_Work instruction_:
Beginning with the line that contains "Tortoise Shell |", transcribe the rest of the listing below exactly, including its last line, and exclude any pictures.

_Source material_:
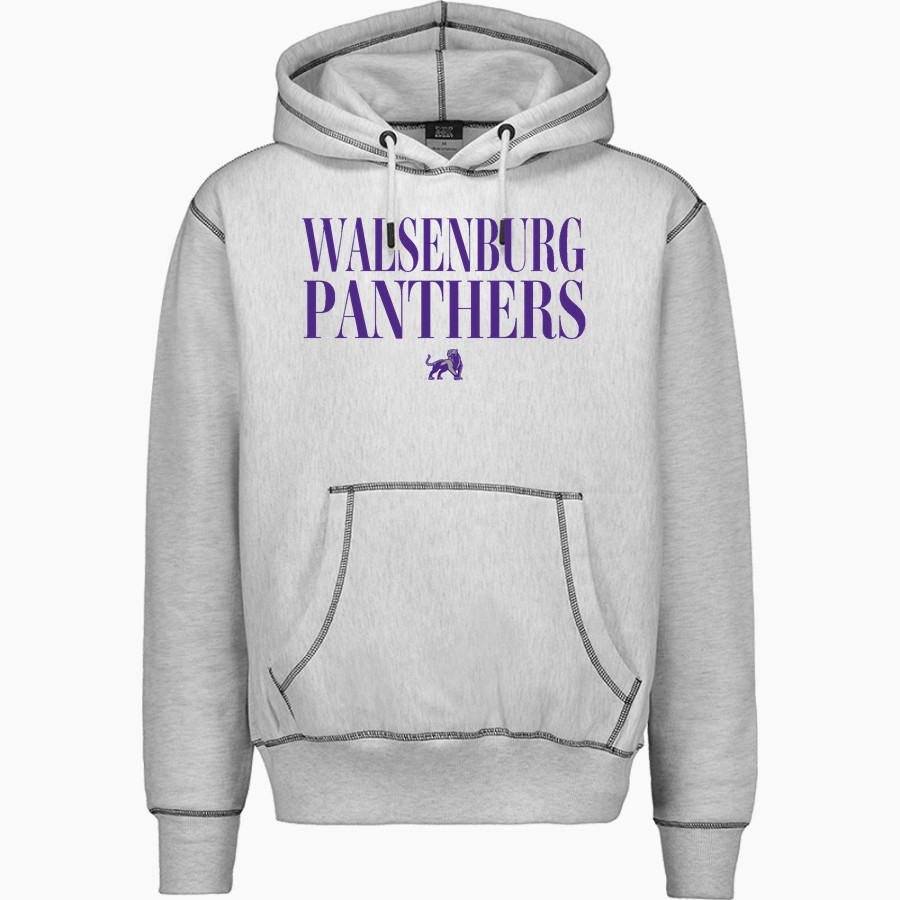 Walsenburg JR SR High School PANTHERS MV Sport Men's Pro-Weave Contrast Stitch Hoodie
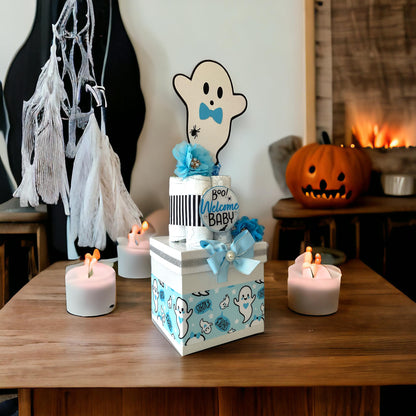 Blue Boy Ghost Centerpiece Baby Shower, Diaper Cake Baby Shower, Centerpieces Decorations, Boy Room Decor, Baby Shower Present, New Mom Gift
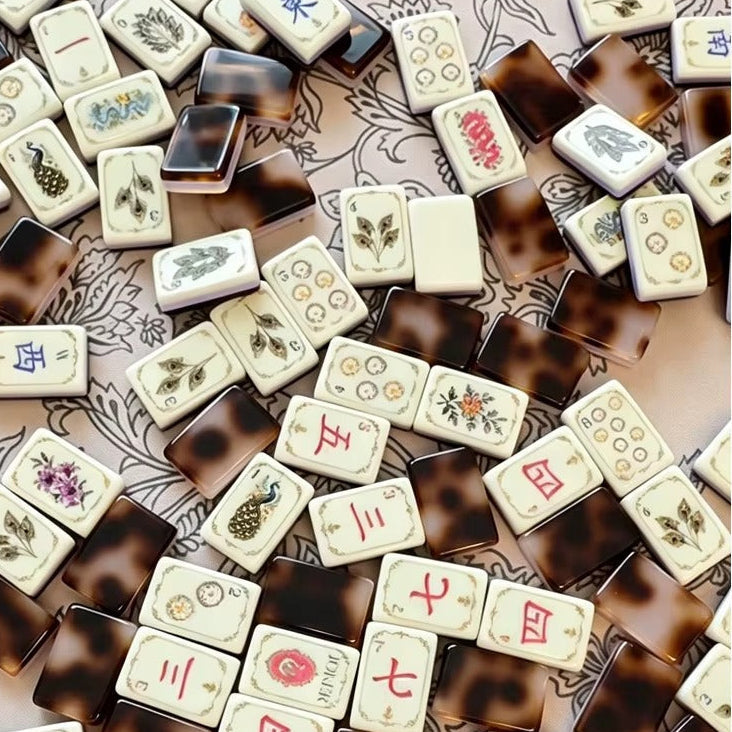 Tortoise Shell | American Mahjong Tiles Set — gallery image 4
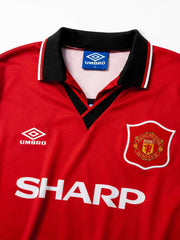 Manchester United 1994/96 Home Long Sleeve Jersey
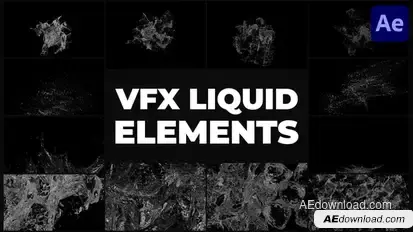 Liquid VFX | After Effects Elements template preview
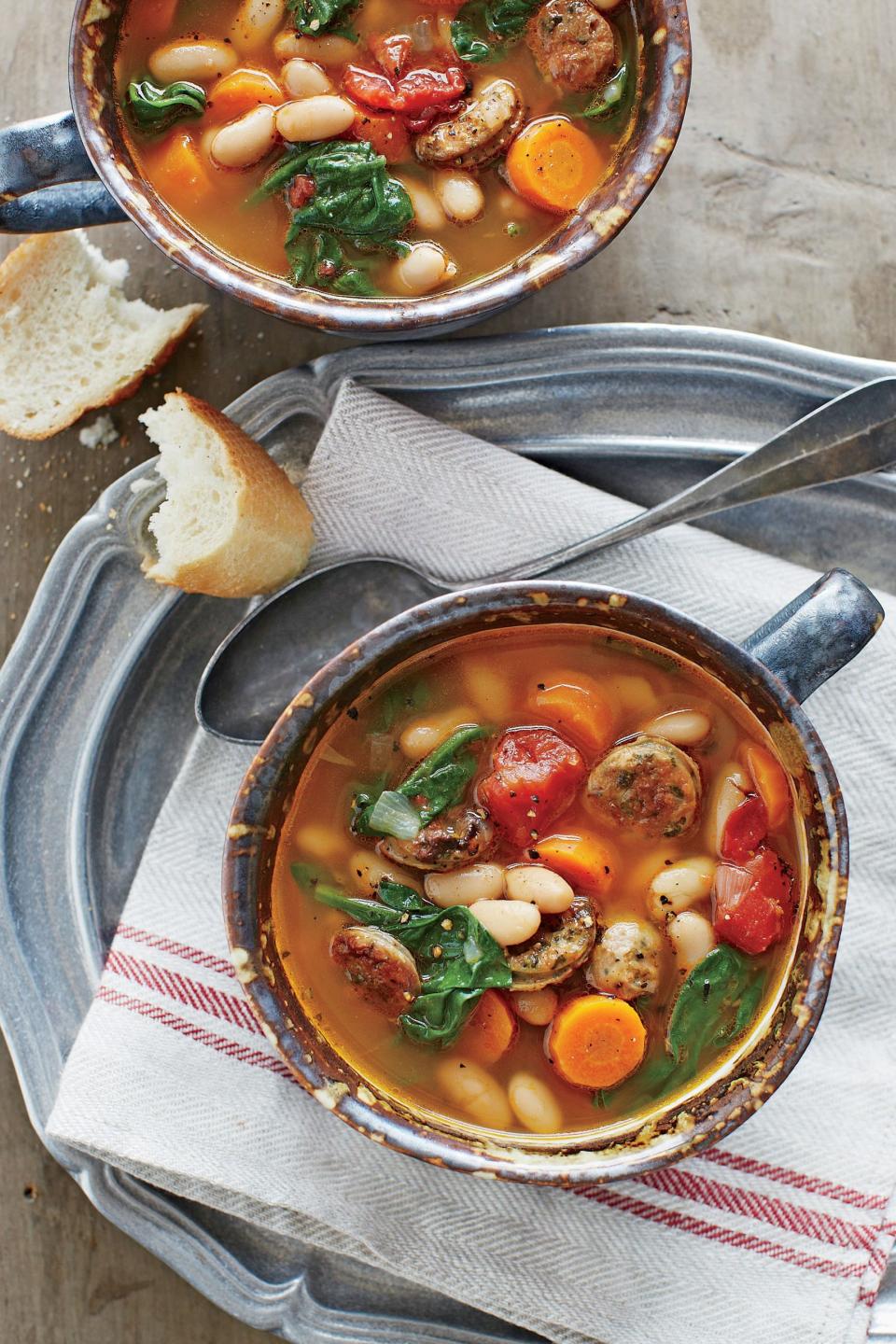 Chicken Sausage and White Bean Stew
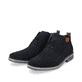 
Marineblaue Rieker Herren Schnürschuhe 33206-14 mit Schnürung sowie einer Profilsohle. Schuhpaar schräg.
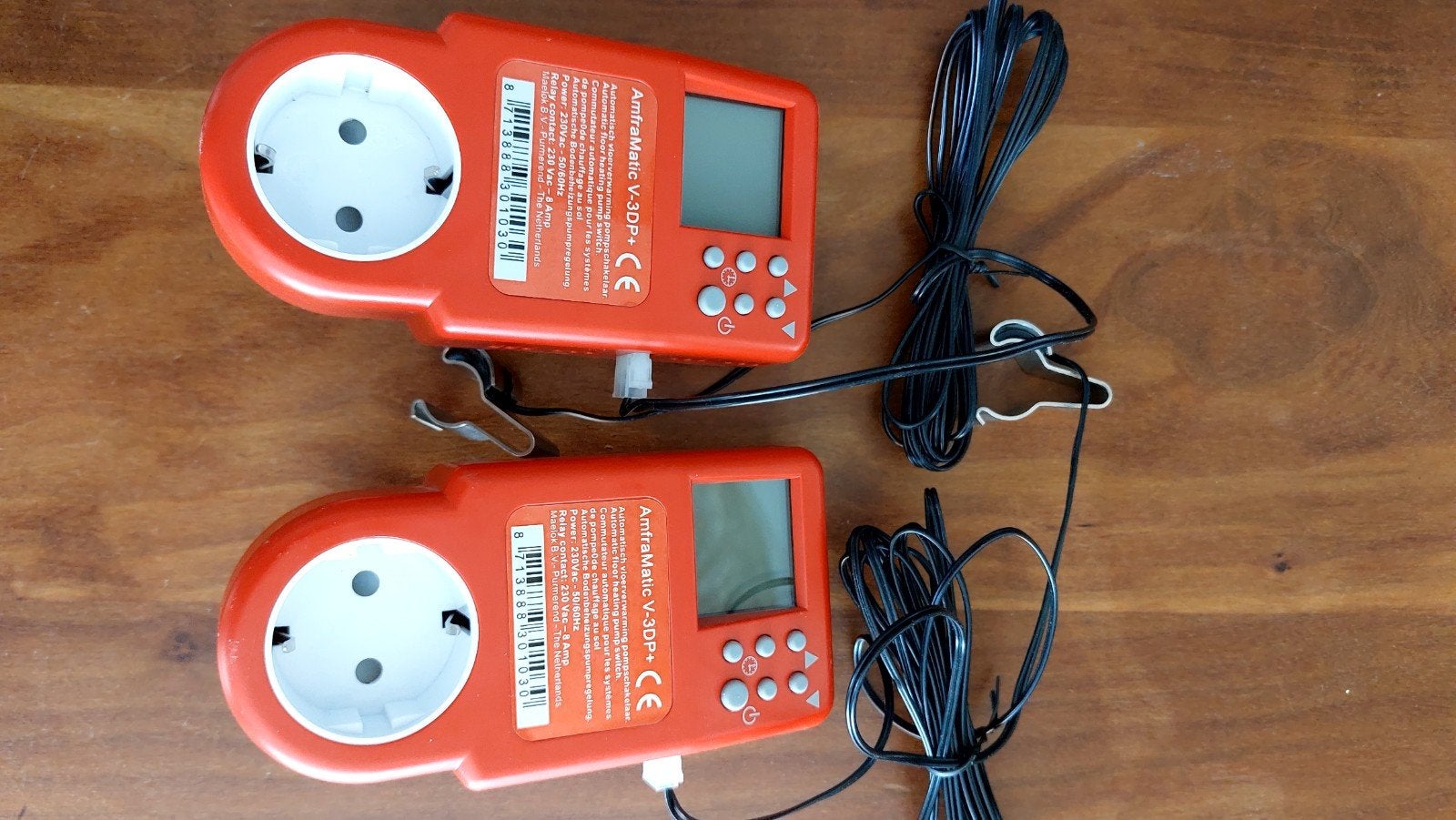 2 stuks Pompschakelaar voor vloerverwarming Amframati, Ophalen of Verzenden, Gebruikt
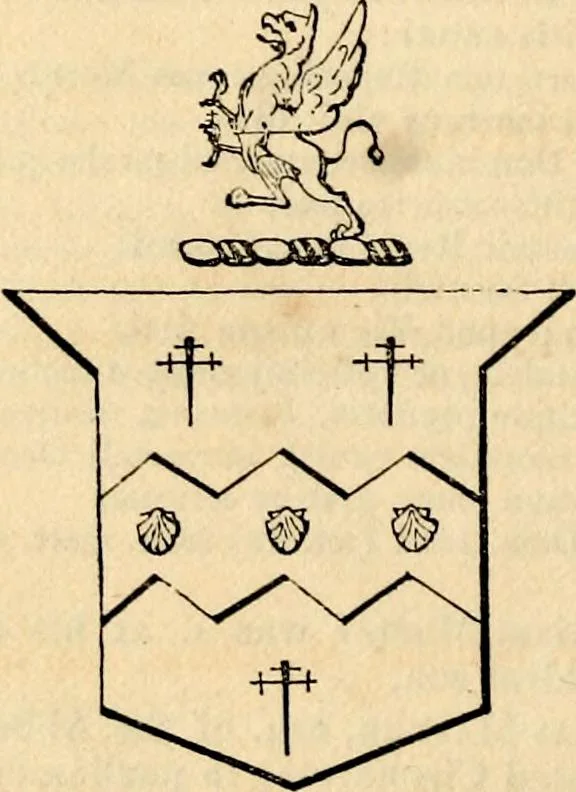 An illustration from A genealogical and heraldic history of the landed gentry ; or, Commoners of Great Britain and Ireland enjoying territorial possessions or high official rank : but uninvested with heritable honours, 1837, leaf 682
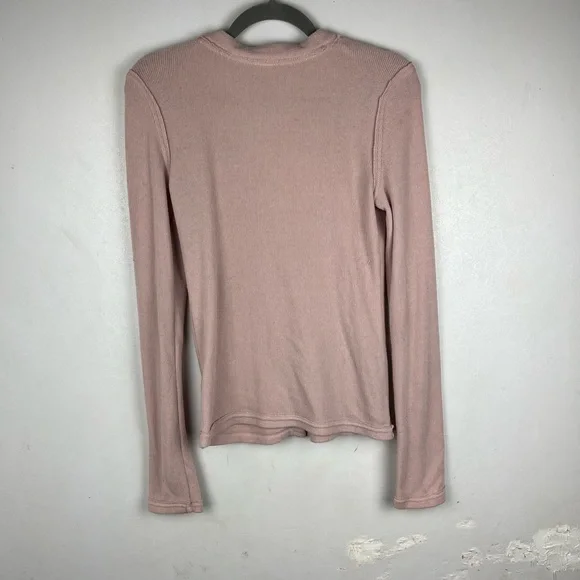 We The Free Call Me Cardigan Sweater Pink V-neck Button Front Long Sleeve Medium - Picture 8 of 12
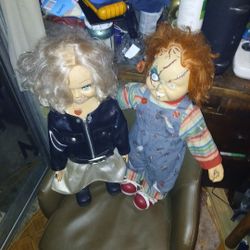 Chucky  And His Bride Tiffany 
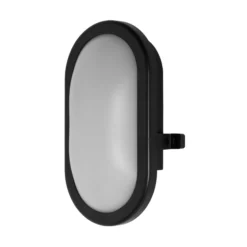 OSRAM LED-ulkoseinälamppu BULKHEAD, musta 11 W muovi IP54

_Answer_:
 Tortoise Shell | American Mahjong Tiles Set — gallery image 4
 Manchester United 1994/96 Home Long Sleeve Jersey
 Liquid VFX | After Effects Elements template preview
 Chicken Sausage and White Bean Stew
Marineblaue Rieker Herren Schnürschuhe 33206-14 mit Schnürung sowie einer Profilsohle. Schuhpaar schräg.
 2 stuks Pompschakelaar voor vloerverwarming Amframati, Ophalen of Verzenden, Gebruikt
 An illustration from A genealogical and heraldic history of the landed gentry ; or, Commoners of Great Britain and Ireland enjoying territorial possessions or high official rank : but uninvested with heritable honours, 1837, leaf 682
 We The Free Call Me Cardigan Sweater Pink V-neck Button Front Long Sleeve Medium - Picture 8 of 12
 Chucky  And His Bride Tiffany 
 OSRAM LED-ulkoseinälamppu BULKHEAD, musta 11 W muovi IP54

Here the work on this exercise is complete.